Credit Card Canada - Canadian Credit Card Reviews and Applications

Credit Card Articles

Credit Card Debt Vs. Consolidation Debt

Credit card debt is basically unsecured personal debt; when a customer of a credit card issuer buys an item with a credit card issued by that company. Due to the high interest rate that credit card debts carry, many people prefer to take out another debt (called consolidation debt) in order to settle their obligations to the credit card company. The present article considers the pros and cons of this debt solution, with its ultimate success or failure depending on the particular circumstances one is faced with.

Advantages of Credit Card Debt Consolidation

In taking out a loan to settle your credit card debts, you will benefit from the following advantages:

• you will avoid the accumulation of interest on your credit card accounts;
• there will be no late payment penalties which credit card institutions charge whenever a customer has not paid their debt on time. In this way, your credit history will remain spotless (it is good to remember that banks and other credit card companies report all late payments to credit rating agencies, which in the future, e.g. when applying for a mortgage, may backfire on the defaulting customer);
• you will not bring into effect a universal default, i.e. the right of a creditor to increase the interest rate a borrower pays, simply because that borrower has been late on a payment to another creditor;
• the interest rate of the consolidation debt will be lower than that of the credit card debts.
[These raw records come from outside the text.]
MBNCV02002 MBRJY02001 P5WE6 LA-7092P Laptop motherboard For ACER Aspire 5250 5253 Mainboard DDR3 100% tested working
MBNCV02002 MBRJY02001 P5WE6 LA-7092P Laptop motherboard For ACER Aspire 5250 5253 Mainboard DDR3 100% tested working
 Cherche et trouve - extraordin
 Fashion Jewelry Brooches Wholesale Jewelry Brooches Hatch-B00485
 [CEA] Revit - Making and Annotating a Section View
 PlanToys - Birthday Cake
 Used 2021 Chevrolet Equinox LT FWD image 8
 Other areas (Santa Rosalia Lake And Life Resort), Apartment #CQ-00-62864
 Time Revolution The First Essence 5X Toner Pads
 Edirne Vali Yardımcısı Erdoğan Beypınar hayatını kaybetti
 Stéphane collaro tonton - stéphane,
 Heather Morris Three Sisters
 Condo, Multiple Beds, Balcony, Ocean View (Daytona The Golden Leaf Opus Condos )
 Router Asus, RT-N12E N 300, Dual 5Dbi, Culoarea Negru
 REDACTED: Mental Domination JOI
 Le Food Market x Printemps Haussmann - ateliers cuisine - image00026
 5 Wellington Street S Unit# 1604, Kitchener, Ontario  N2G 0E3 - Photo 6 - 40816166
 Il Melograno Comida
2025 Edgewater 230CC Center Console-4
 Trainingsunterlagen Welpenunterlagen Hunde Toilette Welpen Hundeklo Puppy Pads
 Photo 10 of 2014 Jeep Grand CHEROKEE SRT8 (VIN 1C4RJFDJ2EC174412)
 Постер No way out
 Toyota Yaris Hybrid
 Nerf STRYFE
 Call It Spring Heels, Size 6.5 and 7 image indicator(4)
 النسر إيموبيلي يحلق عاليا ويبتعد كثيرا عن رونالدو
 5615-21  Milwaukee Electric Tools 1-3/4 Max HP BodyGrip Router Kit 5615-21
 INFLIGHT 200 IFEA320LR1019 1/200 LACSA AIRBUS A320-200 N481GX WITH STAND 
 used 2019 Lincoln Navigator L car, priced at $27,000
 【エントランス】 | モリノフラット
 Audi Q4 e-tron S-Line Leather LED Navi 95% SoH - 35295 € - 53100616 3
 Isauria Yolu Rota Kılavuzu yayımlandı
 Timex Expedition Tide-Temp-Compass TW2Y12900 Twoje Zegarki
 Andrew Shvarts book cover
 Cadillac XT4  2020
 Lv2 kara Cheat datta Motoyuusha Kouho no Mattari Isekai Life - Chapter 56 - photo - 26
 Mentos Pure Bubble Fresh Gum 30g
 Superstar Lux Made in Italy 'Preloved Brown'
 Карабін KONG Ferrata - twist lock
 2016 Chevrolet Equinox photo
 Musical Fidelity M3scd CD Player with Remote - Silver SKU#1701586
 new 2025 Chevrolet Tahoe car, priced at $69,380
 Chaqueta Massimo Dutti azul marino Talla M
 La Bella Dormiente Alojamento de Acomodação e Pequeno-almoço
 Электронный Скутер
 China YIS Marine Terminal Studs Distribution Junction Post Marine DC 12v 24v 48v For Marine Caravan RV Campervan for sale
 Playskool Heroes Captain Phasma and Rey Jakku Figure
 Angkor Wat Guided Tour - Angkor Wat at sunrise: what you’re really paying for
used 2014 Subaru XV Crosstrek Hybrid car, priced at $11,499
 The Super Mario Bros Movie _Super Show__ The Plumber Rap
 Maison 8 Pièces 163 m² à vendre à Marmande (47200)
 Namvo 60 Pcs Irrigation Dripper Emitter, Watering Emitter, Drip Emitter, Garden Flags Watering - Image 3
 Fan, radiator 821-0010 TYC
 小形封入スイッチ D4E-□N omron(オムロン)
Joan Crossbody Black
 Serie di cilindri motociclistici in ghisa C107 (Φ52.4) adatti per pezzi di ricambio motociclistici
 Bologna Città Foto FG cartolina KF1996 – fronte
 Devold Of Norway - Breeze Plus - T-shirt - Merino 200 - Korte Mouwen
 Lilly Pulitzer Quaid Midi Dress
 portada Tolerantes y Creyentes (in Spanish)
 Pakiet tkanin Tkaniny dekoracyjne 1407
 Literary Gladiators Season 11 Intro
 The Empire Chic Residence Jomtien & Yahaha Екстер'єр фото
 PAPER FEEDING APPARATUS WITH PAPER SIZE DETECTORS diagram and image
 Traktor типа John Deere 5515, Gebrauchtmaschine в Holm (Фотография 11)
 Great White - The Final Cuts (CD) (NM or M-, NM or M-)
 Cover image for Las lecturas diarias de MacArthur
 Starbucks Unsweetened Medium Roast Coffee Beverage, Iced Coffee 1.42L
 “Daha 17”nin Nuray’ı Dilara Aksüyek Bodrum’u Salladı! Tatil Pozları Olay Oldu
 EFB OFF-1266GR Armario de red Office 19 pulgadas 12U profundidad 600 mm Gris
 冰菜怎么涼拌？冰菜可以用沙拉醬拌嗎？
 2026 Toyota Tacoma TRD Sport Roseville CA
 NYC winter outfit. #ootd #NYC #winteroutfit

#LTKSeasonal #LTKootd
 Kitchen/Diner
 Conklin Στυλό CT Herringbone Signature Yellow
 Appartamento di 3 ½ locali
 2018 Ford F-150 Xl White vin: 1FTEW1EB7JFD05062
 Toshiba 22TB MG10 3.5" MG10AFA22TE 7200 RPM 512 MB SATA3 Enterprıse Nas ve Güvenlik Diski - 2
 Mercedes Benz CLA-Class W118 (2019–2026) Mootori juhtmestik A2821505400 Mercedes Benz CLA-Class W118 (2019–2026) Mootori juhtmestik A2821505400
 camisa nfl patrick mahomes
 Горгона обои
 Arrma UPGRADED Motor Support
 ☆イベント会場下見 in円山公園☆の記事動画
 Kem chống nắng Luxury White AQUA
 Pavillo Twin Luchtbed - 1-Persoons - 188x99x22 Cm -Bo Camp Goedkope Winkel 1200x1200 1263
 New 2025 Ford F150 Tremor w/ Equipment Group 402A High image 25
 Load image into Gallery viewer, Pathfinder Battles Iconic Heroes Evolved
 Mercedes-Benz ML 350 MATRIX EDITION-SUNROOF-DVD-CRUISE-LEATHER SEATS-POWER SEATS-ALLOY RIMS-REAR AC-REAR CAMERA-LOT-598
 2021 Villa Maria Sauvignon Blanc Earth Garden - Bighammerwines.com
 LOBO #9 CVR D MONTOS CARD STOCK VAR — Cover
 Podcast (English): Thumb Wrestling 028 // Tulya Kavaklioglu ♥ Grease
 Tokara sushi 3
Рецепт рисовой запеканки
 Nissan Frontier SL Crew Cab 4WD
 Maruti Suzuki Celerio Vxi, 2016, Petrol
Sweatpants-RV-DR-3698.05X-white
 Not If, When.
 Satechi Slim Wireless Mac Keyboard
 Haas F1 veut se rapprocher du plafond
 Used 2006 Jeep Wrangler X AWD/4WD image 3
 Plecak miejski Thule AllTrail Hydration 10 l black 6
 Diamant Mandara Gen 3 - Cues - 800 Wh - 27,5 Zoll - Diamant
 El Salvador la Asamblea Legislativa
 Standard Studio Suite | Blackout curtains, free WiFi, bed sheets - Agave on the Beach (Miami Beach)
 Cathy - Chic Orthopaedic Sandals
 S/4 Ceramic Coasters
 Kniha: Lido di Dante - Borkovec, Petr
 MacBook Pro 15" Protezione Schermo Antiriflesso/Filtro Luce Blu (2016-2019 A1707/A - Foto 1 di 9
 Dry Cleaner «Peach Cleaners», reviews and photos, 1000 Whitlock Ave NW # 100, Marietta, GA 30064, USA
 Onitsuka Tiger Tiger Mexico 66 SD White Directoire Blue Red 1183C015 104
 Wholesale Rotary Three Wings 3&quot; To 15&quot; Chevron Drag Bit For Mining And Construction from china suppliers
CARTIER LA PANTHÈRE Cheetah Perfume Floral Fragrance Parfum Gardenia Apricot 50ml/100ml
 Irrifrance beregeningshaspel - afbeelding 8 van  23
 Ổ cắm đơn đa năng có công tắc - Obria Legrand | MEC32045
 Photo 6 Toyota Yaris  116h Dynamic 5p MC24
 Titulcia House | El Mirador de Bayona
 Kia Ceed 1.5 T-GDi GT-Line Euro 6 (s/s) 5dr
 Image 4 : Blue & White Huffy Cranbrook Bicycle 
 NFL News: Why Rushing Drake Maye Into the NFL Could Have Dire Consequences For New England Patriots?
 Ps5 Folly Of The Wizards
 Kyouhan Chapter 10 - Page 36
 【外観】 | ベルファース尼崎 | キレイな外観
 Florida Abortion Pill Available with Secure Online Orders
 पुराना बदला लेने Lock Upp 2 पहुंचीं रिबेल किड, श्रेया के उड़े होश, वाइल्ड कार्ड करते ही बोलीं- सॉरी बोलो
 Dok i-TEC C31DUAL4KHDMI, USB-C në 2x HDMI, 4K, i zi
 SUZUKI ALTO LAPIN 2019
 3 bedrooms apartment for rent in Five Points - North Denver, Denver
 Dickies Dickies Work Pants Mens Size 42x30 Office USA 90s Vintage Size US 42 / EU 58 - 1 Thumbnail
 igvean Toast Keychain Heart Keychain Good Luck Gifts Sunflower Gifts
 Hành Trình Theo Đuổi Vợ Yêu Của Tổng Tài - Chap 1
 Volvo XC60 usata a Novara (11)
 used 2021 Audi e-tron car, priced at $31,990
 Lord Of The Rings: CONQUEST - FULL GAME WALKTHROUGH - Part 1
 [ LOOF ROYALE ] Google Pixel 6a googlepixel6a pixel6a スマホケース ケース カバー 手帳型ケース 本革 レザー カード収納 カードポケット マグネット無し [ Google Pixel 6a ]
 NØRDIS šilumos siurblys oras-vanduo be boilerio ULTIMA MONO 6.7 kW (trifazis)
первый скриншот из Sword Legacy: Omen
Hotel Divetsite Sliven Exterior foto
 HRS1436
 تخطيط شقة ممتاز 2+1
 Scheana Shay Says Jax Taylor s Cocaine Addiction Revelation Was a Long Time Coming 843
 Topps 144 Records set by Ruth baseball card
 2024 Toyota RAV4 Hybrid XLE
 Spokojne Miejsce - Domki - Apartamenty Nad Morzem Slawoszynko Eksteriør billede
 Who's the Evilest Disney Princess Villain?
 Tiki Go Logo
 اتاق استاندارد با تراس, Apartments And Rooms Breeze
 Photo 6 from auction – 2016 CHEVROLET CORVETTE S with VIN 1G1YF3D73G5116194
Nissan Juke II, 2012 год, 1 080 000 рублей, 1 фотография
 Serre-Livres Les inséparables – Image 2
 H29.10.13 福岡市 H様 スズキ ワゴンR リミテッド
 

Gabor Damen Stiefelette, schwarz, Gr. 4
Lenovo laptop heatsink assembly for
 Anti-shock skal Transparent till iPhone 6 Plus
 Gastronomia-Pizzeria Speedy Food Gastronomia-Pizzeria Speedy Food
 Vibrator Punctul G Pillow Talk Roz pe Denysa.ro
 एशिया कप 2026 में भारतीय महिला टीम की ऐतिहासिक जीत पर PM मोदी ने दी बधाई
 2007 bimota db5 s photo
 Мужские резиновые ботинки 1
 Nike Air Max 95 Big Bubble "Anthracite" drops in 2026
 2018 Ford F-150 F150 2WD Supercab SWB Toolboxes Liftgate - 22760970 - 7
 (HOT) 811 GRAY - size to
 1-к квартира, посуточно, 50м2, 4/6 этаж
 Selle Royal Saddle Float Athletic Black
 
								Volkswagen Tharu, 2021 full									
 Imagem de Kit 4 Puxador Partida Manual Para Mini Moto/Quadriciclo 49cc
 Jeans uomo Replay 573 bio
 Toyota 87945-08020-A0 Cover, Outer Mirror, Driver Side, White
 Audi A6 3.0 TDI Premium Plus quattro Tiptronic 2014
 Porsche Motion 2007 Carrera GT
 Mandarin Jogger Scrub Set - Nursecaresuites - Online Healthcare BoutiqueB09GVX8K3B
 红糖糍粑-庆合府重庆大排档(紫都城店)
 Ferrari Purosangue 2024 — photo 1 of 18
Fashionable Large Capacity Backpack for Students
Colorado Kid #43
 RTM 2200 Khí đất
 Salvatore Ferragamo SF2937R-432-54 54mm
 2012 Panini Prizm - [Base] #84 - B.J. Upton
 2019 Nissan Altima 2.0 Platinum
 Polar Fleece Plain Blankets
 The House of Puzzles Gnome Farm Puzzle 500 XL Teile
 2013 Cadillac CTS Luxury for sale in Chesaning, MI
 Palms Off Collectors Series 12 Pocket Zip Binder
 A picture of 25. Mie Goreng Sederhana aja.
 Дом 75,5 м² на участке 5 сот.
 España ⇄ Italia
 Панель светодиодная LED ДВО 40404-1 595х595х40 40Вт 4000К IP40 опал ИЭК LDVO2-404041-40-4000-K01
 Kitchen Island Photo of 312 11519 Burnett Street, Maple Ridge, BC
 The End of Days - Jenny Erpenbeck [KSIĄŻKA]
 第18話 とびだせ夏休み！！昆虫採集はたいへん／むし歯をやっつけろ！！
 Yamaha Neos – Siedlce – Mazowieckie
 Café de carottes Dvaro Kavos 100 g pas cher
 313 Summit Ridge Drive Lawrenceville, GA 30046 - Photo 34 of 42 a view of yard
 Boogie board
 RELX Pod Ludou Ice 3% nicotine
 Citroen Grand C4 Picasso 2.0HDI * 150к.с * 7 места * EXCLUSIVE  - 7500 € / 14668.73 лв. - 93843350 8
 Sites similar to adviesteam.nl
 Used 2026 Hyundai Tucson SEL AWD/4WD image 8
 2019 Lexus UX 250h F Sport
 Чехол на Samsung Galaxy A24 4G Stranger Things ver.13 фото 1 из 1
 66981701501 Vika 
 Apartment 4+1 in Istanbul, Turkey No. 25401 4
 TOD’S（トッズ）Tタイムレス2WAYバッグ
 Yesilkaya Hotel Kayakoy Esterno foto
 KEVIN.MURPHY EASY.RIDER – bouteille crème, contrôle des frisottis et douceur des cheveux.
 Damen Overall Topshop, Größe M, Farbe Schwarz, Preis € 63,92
Disadvantages of Taking out a Consolidation Debt

Although generally yielding beneficial results, a consolidation debt may not always be the most practical solution. Consider, for example, the following disadvantages:

• a consolidation debt is rarely unsecured and if it is, the loan will have a high interest rate. Typically, you will have to provide some security: collateral such as your home, land, or car serving as a proof that you will repay the debt. This makes the borrowing of consolidation loans a risky and undesirable affair;
• finding a good consolidation loan lender is a time-consuming and costly task, made all the more so, as it often involves the services of a debt counselor;
• some lenders are accustomed to “throwing curve balls" such as a prepayment penalty clause. Under this clause, you will owe an extra fee, should you choose to repay your debt in advance. It is due in compensation for the interest that the lender has lost. In general, any time you sign a loan contract, bring along your most perceptive pair of glasses, since the big issues tend to hide in the small print. Always ask about penalty fees and compare the terms and conditions offered by several providers.
• having fulfilled its purpose, a consolidation debt creates the false belief that all is finely settled now. Such people come to understand the hard way that a consolidation debt is still a debt that requires regular payments and accumulates interest.